PowerShell Pipeline
Find Data in Excel Using PowerShell
For those times when converting Excel files to .CSV just doesn't make sense.
Sometimes you need to scan some files for a piece of data like a string, phrase or some number, and one of those files just happens to be an Excel spreadsheet.
You could open up the file, launch the search window and begin looking at and taking note of every instance that you find. Or you could automate this using PowerShell by converting the file to a .CSV, then using Import-Csv to work through the data that way.
If neither of those approaches does what you want -- perhaps you don't want to convert the file to .CSV because there's more than one sheet in the file, or you just feel like converting it is too much of a manual step in your automation process -- then you are in luck! I will show you how to take a workbook in Excel and go through each spreadsheet in the file and search for data that not only shows you the data, but also the row and column number that it is located in.
First, I need an Excel spreadsheet with some data in it. Fortunately, I was able to download a sample spreadsheet here that has some data that I can use for my searches. The file is called "Sample - SuperStore.xls" and contains three sheets with various information in them, as shown in the images below.

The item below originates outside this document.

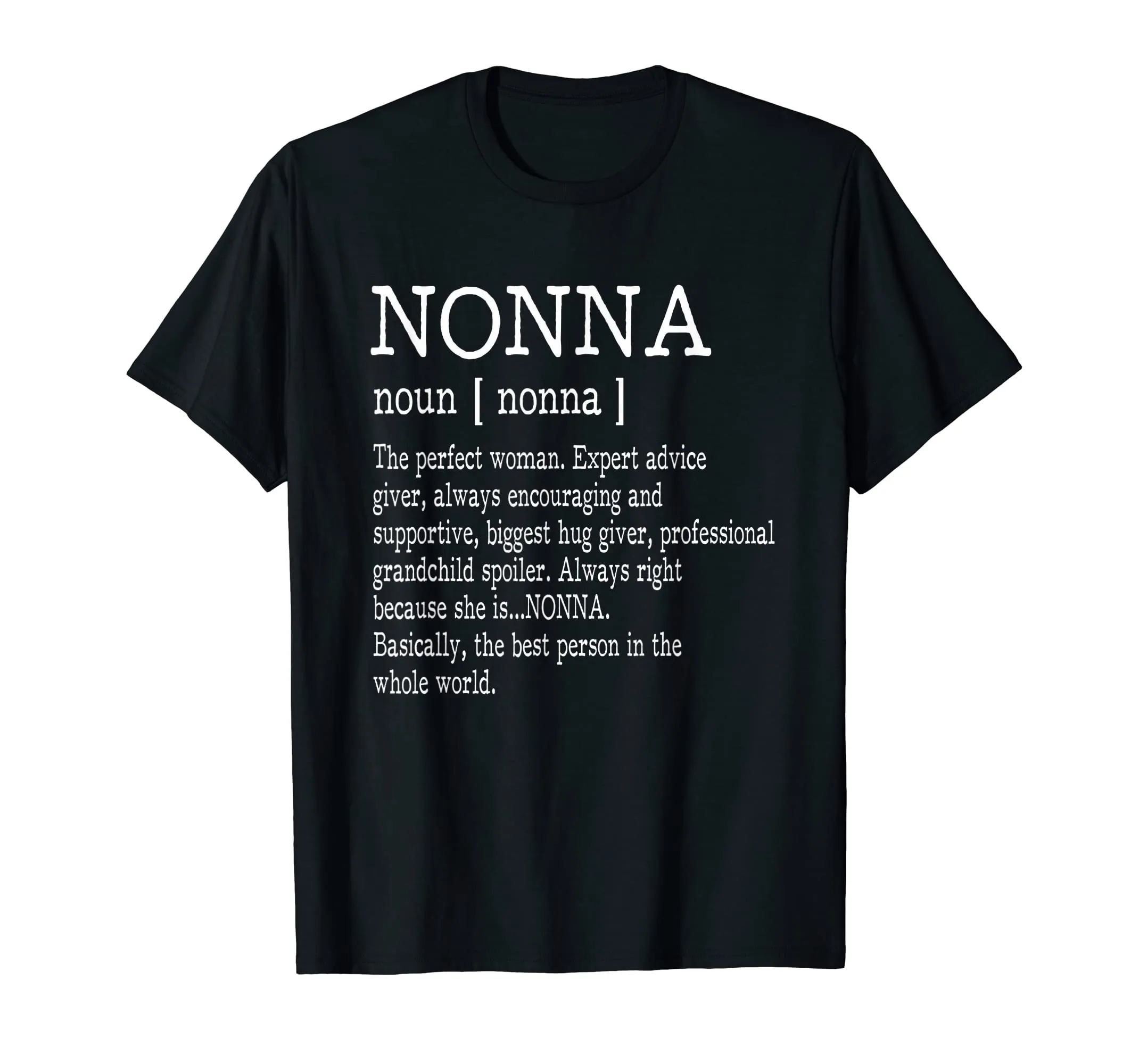 Nonna Definition Grandma Mother Day Gifts Women T-Shirt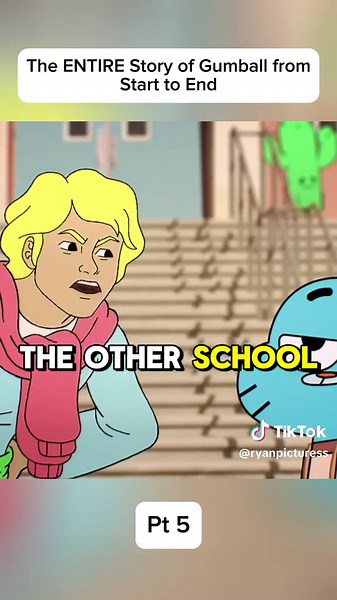 The ENTIRE Story of Gumball from Start to End Part 5 #youtube #foryou #gumball #storytime #timeline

Now that we know what we are working with, we can connect to the Excel COM object so that we can begin working with the object to search for some data.

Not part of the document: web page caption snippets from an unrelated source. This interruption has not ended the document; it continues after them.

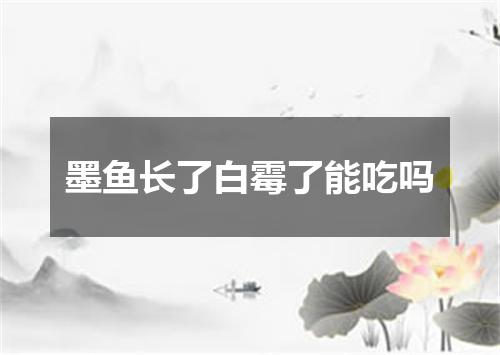 墨鱼长了白霉了能吃吗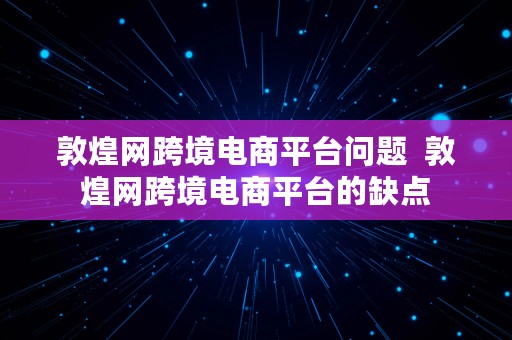 敦煌网跨境电商平台问题  敦煌网跨境电商平台的缺点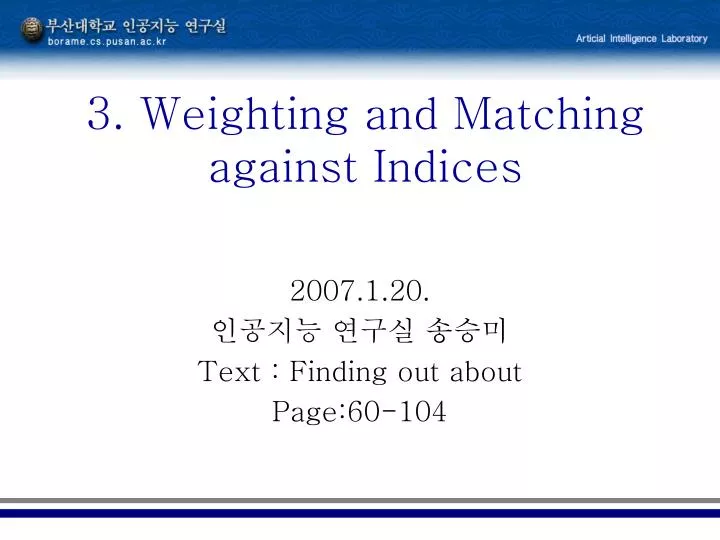 3 weighting and matching against indices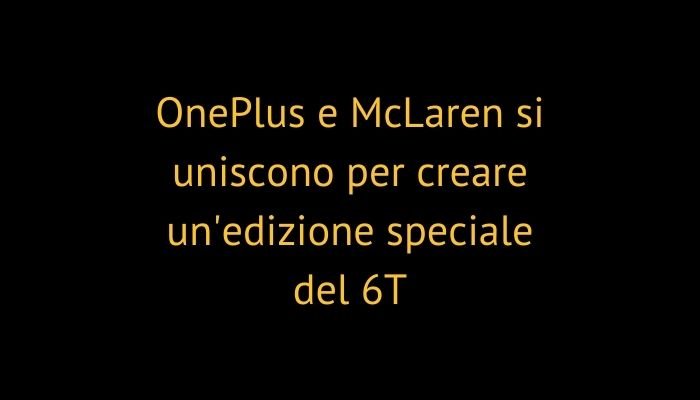 OnePlus e McLaren si uniscono per creare un'edizione speciale del 6T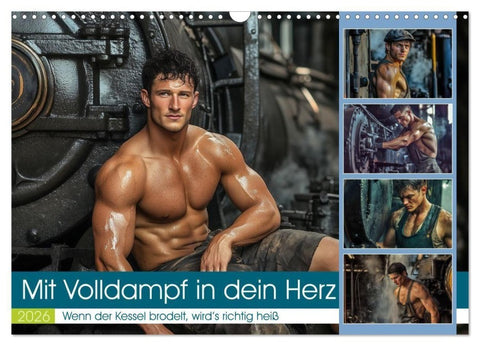 Mit Volldampf in dein Herz (Wandkalender 2026 DIN A3 quer), CALVENDO Monatskalender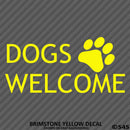 Business Decal: Dogs Welcome Vinyl Decal Version 1 - S4S Designs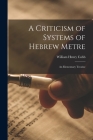 A Criticism of Systems of Hebrew Metre; an Elementary Treatise Cover Image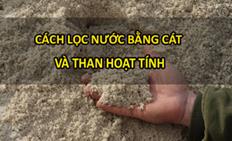 Cách lọc nước bằng cát đơn giản, hiệu quả & phổ biến nhất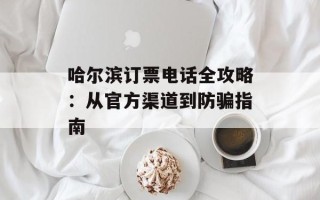 哈尔滨订票电话全攻略：从官方渠道到防骗指南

$Excel = New-Object -ComObject Excel.Application
Now we will open up the Excel workbook by using the Workbooks.Open() method. Make sure that when you do this, you are providing the full path name for the file. Not doing this will result in the method throwing an error.
$Workbook = $Excel.Workbooks.Open('C:\users\proxb\Downloads\Sample - Superstore.xls')
I will now connect to the first spreadsheet and display its name so we can make sure we are looking at the Orders sheet.
$workSheet = $Workbook.Sheets.Item(1)
$WorkSheet.Name
When working with Excel, we use 1 to signify that we are on the first sheet, unlike arrays where they are zero-indexed.
We will begin searching for our data -- in this case, it is "Nebraska" -- using the Cells.Find() method and supplying the search string as the method parameter. If it does find data, it will be available to view as an object and also will be used as a parameter value in another method.
$Found = $WorkSheet.Cells.Find('Nebraska')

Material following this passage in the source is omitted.